Eine leichte Kopfbewegung beendet unser Gespräch. Der fremde Mann deutet stumm auf Alexander und ich glaube zu verstehen, was er mir tonlos sagen möchte. Seine Lippen formen ein Wort und ruckartig löse ich mich aus meiner Starre. Plötzlich läuft alles wie in einem Film an mir vorbei. Ich sehe mich und wie meine Beine schnellen Schrittes die kurze Distanz des Tisches hinter sich lassen. Gedämpft höre ich den tiefen Bass der Begleitung meines stummen Gesprächspartners, aber seine Worte kommen nicht bei mir an.
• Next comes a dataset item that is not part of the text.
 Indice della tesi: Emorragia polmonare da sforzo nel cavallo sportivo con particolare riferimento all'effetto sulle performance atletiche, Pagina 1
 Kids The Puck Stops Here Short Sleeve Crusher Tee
Wie ein Blitz schießt meine Hand nach vorne und entreißt dem Kellner die Serviette aus seinem schmierigen Klammergriff.
"Nehm die Finger weg", presse ich zornig hervor und spüre seinen vernichtenden Blick auf mir. Doch das ist mir egal. Alexanders Hose ist feucht vom Wein und der dunkle Fleck zieht mich magisch an.
"Was soll das? Was denkst du wer du bist?", knurrt der Kellner und ich würde ihm so gerne seine dreckige Visage polieren. Ich hoffe, Alexanders Schwager erfährt hiervon und der Kellner hat gewisse Konsequenzen zu tragen. Er legt ein mehr als unangemessenes Verhalten an den Tag und spätestens jetzt weiß das gesamte Restaurant, dass der Kampf um Alexanders Gunst und seinen wunderbar süßlich schmeckenden Lippen bereits in voller Fahrt ist.
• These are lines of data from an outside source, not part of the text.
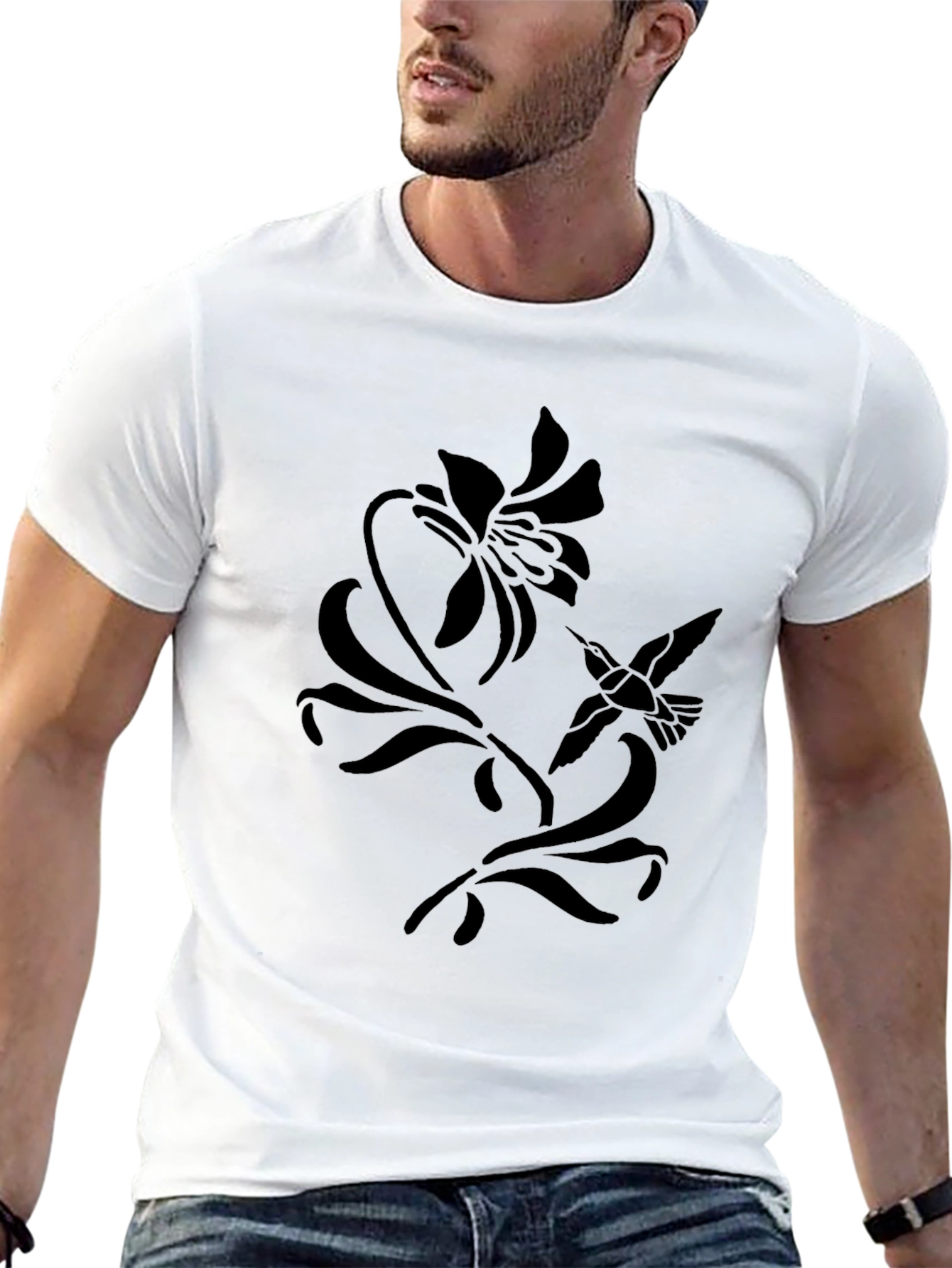 Floral Hummingbird Graphic Tee - Black Cotton T-Shirt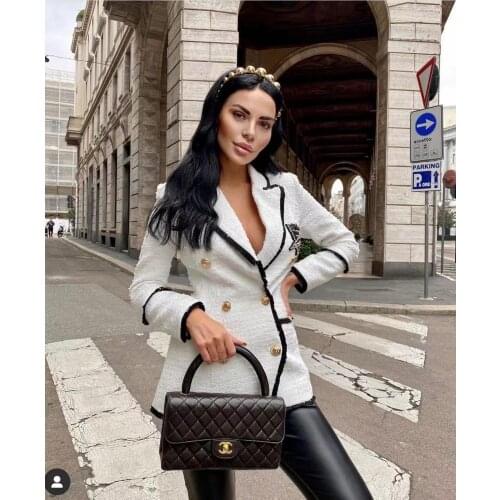 High Street Autumn Fashion New White Full Sleeves Diamonds Badge Double Breasted Sequin Blazer Coat 2020 Celebrity Designer Part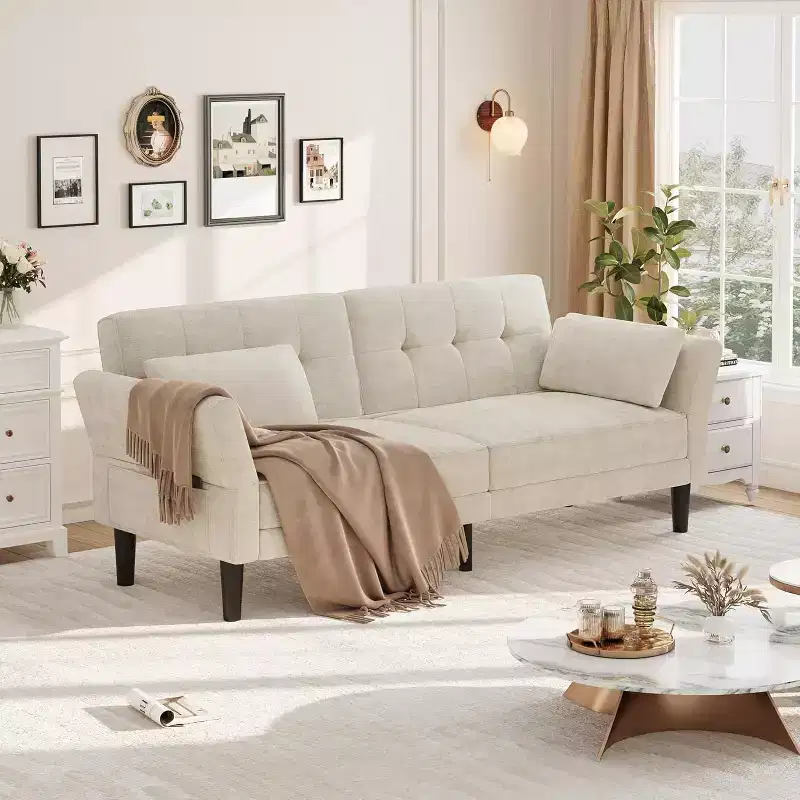 89 Futon Sofa Bed, Modern Sleeper Sofa with Adjustable Backrest & Armrest, Convertible Futon Couch Bed with 2 Pillows for Home Office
"Ich bin Alexanders Verabredung. Nicht du. Also zieh Leine." Meine Worte klingen ungeahnt hart und zornig funkele ich ihn an. Seine wässrigen Augen bohren sich in meine. Er versucht nur durch die Kraft seiner Blicke mich zum Aufgeben zu bewegen. Aber da hat er sich getäuscht. Alexander ist alles was ich mir immer gewünscht habe. Und ich werde nicht einfach kampflos dabei zusehen, wie ein anderer Kerl heute Abend in seinen Armen das Restaurat verlässt. Sollte Alexander sich für die Begleitung des Kellners entscheiden, dann ist es so. Aber ich muss mir nicht vorwerfen lassen, es nicht versucht zu haben. Viel zu lange habe ich mich nach einem Mann wie ihm gesehnt, lang nächtelang in meinem kleinen Zimmer auf einer Matratze die zu hart und unweigerlich auch zu klein für zwei erwachsene Männer ist. Ich träumte von starken Armen und leise geflüsterten Worten.

Gemeinsam knien wir vor Alexander. Der eine rechts, der andere links von seinem Bein. Ich kann das Bild was sich den Gästen bietet vor meinem inneren Auge sehen. Jeder dritte Porno hat solch eine Szene. Männer die vor Erektionen anderer Männer knien und sich gierig über pinkfarbene Lippen lecken. Wieder der tiefe Bass des Mannes am Nachbartisch. Ich habe nur eine unklare Erinnerung an sein Aussehen, aber es beruhigt mich etwas zu wissen, dass mich mein Gefühl nicht getäuscht hat und der Kellner eine Grenze überschritten hat. Der andere Mann spricht beruhigend auf ihn ein und gemeinsam geben sie mir die Kraft um nicht auf der Stelle die Beherrschung zu verlieren. Es ist nicht meine Art und schon gar nicht meine Erziehung, in der Öffentlichkeit eine Szene zu machen. Aber der Kellner regt mich so dermaßen auf.